China has attempted to frame controlling Japan (and restraining its militarism) as part of the U.S. post-World War II international system. An unsigned Xinhua editorial stated Tokyo “has also rejected and challenged the outcomes of the victory of the World Anti-Fascist War” (Xinhua, November 25). MND spokesman Yang added “Japan also boosted its military capacity under various disguises, attempting to change the post-World War II international order” (Xinhua, November 29). One article appearing on a Central Party School-run news portal before the ADIZ announcement even equated Washington’s tolerance of rising Japanese militarism with appeasing Germany prior to the outbreak of World War II—something that provides an immediate palliative at the expense of long-term stability (Seeking Truth Online, October 23).

Beyond the issue of Japanese militarism, the 70th anniversary of the Cairo Declaration this month offered the opportunity to invoke the Allies’ commitment to restoring Chinese territories lost to Japan. The declaration stated “all the territories Japan has stolen from the Chinese, such as Manchuria, Formosa, and Pescadores,” which was later reaffirmed by the Potsdam Declaration in 1945. China’s current interpretation is that this includes the Diaoyu, so “in international law, the Diaoyu Island and its affiliated islands have been returned to China since then” (Xinhua, December 1; Xinhua, November 25).

The other, more current, U.S. failure relates to China’s assessment that Washington has acted in bad faith over its commitment to not take a position on the sovereignty of the Diaoyu Islands. The official statements reacting to the ADIZ delivered by Secretary of State John Kerry and Secretary of Defense Chuck Hagel along with the B-52 flights suggest, at least to Chinese analysts, that Washington already has taken a clear stand against China. As Su Xiaohui, a researcher at the MFA-run China Institute for International Studies, wrote, “[the United States] even pretended to have forgotten its consistent claim of holding no positions in the issue of the Diaoyu Islands while making stress on its obligation to its allied country” and reiterated its treaty commitment to help Japan defend the islands (People’s Daily Overseas Edition, November 28).

Tokyo is Dragging the United States toward Conflict:

The official Chinese press have castigated Washington’s responses to the establishment of the ADIZ, suggesting that the United States is emboldening an increasingly militaristic Japan and moving Beijing and Washington closer to conflict. Xinhua opined that “The U.S. overreaction has bolstered Japan intentionally or unintentionally,” allowing Tokyo to malignly influence U.S.-China relations (Xinhua, November 27). According to an English-language editorial, “Washington’s ‘message’ will only add fuel to Tokyo’s dangerous belligerence and further eliminate room for diplomatic maneuvers. More importantly, it may put China and [the United States] on a collision course” (China Daily, November 28).

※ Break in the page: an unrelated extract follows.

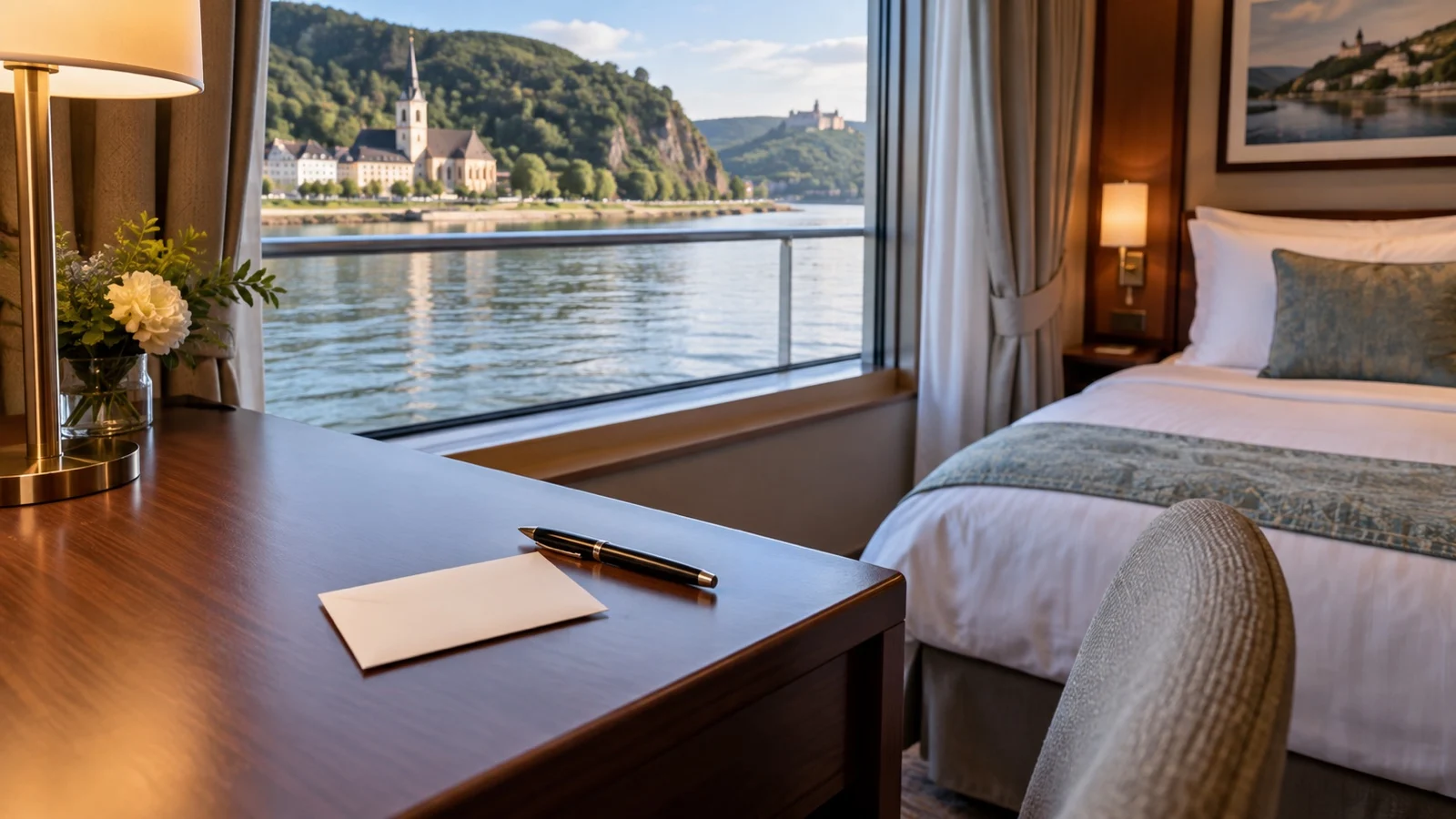 Unmarked gratuity envelope in empty river cruise cabin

Elsewhere, Xinhua warned the United States that “keeping a blind eye to the dangerous tendency in Japan could prove to be risky and might even jeopardize the U.S. national interests” (Xinhua, November 25).

This theme raises the hope that, should Washington not support Japan, Sino-American competition and/or conflict may be averted.  An editorial in the English-language China Daily addressed this directly: “The ‘more collaborative and less confrontational future in the Pacific’ [Kerry] envisages rests more on Japan being sensible and peaceful” (China Daily, November 26).  A Japan not confident of U.S. support, according to the Chinese media, would be less prone to militarism and more likely to deal fairly with China over the future of the Diaoyu Islands.


At this early date, there seem to be few clear conclusions about Beijing’s intensions in announcing an ADIZ. First, there seems little doubt that this was a coordinated policy that was executed at a time of Beijing’s choosing. It is not  a policy free-for-all, but rather another calculated step that reinforces Chinese territorial claims and cannot be easily turned back, as the White House’s recommendation for U.S. commercial airlines to abide by China’s ADIZ regulations recognizes. Second, the way in which China has framed the issue suggests a deliberate effort to convince the United States that its interests are not aligned with Japan’s. The U.S.-Japan alliance is key to the U.S. rebalancing toward Asia, and many Chinese analysts have long seen this policy as little more than a prelude to—or a façade for—containment, or at least as destabilizing East Asia (Xinhua, November 26; “Pivot and Parry: China’s Response to America’s New Defense Strategy,” China Brief, March 15, 2012).

Beijing’s arguments rely on Washington’s privileging Sino-U.S. cooperation on a range of global issues above other commitments. As it has been presented, Japan appears to join a set of issues—including Taiwan and export controls—that Beijing claims inhibit progress in the Sino-American relationship. The framework that Beijing has put forward for reconciling problems in U.S.-China Relations—the “New Type of Great Power Relations” or “New Model of Relations among Major Countries” (xinxing daguo guanxi)—reinforces this kind of thinking, because it speaks to the long-held hope of a partnership and avoiding the pessimistic repetition of great power conflict (“Chinese Dreams: An Ideological Bulwark, Not a Framework for Sino-American Relations,” China Brief, June 7; “China’s Search for a ‘New Type of Great Power Relationship’,” China Brief, September 7, 2012). Yet, Beijing’s behavior in the South and East China Seas suggests this hope will come at the cost of acceding to Chinese pressure on the international system. Thus, the choice is not between U.S. relations with China or countries on its periphery, but rather between a partnership with China and preserving the international system Washington created.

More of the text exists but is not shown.